I’ve been thinking a lot about words. The latest is a title that I realize no longer has any power. I’ve been trying to work out how to shift the power back into a word that has lost it. I’m not sure it’s possible.

Somehow it makes me think about who owns the words – not that owning words is technically possible but there are those that own the pipelines for disseminating those words. For example, I thought of this list  of the awards given for literature in 2013. One of them is a woman. Women appear in a very tiny percentage of reviews in the New York Times. The various structures that were created to deal with the imbalance of who owns the words are periodically plagued with “Why do we still need a separate prize for women?” Oh, that we didn’t.

I asked a friend what books he’d read if he had the time. It was a long list of very well respected writers and not one woman was on it. I don’t blame him for that one bit. If you want to find a woman on the list of well-known and well-respected writers, you’re probably going to be reaching pretty far back into history.

This is not to say that there aren’t well-respected writers in the current moment. I can name ten right now off the top of my head (Jeannette Winterson, AS Byatt, Alice Walker, Toni Morrison, Tea Albrecht, Jennifer Egan, Amy Tan, Jeanette Walls, Sarah Waters, Erin Morgenstern, Diane Setterfield) Or well known (JK Rowling, Charlaine Harris, Sue Grafton, etc) but somehow the lady writers don’t tend to qualify as Literature. They’re not Thomas Pynchon or Dom Delillo.
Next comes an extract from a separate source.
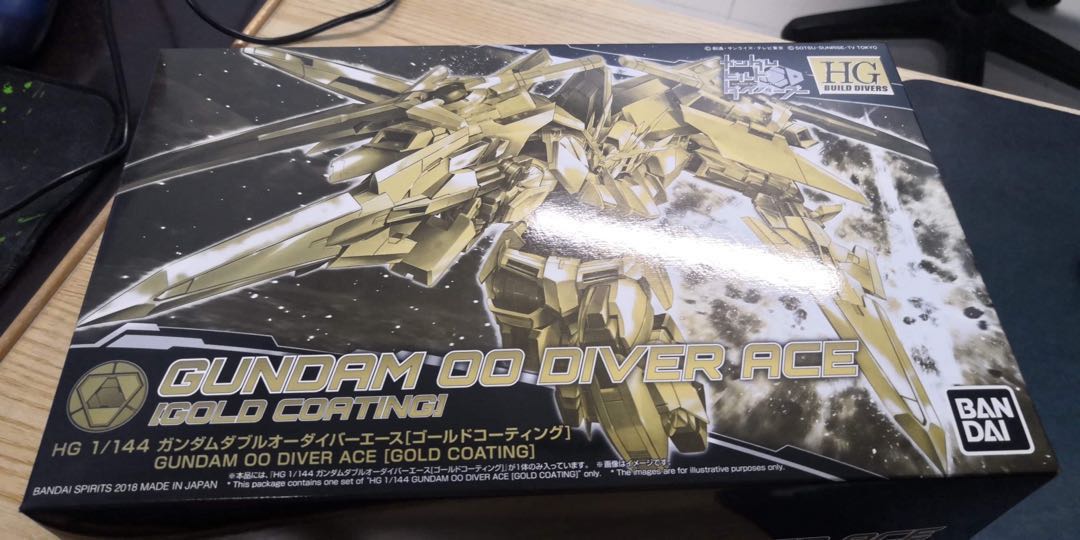 1 144 Hg Gundam 00 Diver Ace Gold Coating Toys Games Bricks Figurines On Carousell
Ladies don’t own the words. We’re just renting them somehow.

I think a lot about The Alphabet versus The Goddess. It might be bullshit. But it’s very interesting bullshit. It’s Shlain’s sense that the invention of the alphabet killed the Goddess – that is that the development of the written language (a left brained activity) created an imbalance of masculine energy, an abundance of left-brained linearity and cultures around the world became more patriarchal as they adopted the written word.

As a lover of the written word (and the read word and the spoken word) I hate this idea a little bit. I’d like to think of this language as my own. But it might not be.